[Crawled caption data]
****

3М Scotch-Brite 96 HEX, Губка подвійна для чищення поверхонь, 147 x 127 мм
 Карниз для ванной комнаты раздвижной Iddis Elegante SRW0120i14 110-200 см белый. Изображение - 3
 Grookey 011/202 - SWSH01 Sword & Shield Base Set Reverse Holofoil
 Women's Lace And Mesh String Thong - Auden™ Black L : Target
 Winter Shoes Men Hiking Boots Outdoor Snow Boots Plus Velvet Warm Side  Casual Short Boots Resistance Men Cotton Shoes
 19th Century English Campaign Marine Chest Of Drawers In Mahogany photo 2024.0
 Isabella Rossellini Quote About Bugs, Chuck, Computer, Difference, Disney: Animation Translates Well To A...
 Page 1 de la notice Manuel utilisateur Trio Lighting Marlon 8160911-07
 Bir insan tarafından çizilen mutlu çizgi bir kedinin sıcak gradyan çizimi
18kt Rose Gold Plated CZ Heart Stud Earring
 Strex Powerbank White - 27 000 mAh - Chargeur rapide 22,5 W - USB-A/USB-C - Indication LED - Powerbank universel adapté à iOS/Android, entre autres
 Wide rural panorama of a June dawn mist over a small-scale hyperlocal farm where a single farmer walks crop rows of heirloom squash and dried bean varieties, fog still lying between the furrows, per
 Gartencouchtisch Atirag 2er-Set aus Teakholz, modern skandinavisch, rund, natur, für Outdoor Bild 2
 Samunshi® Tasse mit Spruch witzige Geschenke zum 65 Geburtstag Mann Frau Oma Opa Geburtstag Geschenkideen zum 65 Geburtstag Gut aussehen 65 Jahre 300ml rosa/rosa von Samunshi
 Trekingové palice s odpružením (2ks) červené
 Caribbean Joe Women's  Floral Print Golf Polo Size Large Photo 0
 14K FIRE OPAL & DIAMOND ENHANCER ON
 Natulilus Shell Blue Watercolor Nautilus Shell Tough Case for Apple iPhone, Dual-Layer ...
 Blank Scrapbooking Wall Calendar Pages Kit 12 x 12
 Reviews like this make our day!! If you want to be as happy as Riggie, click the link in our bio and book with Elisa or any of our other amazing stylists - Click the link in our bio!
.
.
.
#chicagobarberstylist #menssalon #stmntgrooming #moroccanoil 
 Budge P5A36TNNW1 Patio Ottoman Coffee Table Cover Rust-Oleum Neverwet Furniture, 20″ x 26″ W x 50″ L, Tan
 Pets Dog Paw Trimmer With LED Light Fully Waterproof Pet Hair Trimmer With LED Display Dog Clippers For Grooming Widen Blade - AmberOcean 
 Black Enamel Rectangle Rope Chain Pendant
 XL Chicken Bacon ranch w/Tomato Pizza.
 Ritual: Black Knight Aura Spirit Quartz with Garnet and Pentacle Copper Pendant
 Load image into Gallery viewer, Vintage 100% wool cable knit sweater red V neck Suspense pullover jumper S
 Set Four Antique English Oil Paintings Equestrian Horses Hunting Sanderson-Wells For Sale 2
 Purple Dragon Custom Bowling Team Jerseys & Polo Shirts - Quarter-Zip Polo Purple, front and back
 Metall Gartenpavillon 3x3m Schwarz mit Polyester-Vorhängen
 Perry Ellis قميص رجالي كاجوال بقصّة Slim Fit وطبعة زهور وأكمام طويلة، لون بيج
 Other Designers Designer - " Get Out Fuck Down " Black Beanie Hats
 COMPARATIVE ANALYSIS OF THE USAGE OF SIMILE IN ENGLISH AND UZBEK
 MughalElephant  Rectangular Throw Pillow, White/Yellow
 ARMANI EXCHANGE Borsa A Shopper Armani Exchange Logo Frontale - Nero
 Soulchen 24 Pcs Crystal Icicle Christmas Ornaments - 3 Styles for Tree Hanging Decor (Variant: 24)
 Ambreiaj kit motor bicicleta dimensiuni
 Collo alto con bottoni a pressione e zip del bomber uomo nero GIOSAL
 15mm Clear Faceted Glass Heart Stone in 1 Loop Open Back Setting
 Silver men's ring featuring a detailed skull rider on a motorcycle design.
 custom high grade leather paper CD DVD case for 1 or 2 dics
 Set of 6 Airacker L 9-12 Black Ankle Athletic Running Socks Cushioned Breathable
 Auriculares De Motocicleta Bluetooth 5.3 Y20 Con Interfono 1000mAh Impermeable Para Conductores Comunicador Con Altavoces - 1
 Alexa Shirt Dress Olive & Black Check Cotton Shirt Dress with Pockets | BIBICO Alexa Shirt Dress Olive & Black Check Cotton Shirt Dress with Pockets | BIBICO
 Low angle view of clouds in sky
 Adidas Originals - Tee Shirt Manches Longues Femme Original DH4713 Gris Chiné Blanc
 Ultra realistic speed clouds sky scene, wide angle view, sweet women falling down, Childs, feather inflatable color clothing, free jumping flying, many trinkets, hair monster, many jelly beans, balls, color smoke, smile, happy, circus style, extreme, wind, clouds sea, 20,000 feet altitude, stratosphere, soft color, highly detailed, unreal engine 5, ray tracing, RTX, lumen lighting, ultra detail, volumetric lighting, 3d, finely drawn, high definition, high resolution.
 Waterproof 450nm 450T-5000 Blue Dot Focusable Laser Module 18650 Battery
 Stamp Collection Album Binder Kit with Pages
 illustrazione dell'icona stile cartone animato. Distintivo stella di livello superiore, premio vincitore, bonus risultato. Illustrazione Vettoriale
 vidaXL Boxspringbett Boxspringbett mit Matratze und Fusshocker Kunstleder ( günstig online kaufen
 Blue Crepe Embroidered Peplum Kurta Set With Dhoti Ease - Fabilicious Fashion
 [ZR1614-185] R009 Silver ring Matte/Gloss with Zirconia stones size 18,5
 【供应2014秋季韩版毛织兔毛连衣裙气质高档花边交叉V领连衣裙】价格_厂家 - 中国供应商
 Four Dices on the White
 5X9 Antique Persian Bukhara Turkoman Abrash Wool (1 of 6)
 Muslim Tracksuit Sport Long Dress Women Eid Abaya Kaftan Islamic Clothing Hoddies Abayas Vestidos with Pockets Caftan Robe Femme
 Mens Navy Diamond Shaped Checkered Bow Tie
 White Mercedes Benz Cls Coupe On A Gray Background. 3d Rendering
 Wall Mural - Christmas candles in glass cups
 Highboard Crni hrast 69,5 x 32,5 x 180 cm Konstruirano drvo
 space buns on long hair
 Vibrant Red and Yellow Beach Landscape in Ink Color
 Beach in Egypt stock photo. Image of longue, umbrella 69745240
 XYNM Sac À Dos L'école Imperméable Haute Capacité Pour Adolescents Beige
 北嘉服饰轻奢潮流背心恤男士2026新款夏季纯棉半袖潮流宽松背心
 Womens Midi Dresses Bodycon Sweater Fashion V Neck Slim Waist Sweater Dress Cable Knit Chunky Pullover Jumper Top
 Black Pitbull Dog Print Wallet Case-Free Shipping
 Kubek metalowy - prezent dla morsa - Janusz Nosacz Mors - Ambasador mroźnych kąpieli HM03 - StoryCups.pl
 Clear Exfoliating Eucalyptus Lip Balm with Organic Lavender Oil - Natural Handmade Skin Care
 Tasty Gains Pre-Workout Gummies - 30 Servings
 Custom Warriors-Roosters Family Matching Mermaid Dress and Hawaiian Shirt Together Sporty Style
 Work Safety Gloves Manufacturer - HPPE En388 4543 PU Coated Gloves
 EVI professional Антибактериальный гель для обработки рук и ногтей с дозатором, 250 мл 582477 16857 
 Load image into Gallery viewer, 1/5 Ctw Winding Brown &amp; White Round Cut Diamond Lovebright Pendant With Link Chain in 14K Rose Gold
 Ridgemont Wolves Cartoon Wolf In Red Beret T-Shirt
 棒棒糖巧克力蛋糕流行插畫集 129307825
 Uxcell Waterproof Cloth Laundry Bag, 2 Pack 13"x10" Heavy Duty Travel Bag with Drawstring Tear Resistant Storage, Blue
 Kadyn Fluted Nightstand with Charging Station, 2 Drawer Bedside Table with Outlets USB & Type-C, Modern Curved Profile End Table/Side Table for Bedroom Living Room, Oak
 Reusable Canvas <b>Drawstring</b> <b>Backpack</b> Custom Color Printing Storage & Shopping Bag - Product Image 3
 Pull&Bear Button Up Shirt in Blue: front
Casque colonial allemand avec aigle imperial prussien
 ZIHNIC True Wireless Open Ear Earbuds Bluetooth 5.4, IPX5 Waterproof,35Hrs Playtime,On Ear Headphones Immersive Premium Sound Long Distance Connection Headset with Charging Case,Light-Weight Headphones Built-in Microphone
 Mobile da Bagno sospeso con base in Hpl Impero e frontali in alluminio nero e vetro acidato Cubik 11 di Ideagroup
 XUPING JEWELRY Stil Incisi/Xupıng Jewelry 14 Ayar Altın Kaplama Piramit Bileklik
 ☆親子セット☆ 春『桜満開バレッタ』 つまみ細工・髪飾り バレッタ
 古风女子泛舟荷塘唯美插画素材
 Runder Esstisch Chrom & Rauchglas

****

— YOUR OBJECTIVE —
Return exactly the lines from the beginning of the data above through the one containing "Winter Shoes Men", please. Include both end lines and add nothing else.

— ANSWER SECTION —
3М Scotch-Brite 96 HEX, Губка подвійна для чищення поверхонь, 147 x 127 мм
 Карниз для ванной комнаты раздвижной Iddis Elegante SRW0120i14 110-200 см белый. Изображение - 3
 Grookey 011/202 - SWSH01 Sword & Shield Base Set Reverse Holofoil
 Women's Lace And Mesh String Thong - Auden™ Black L : Target
 Winter Shoes Men Hiking Boots Outdoor Snow Boots Plus Velvet Warm Side  Casual Short Boots Resistance Men Cotton Shoes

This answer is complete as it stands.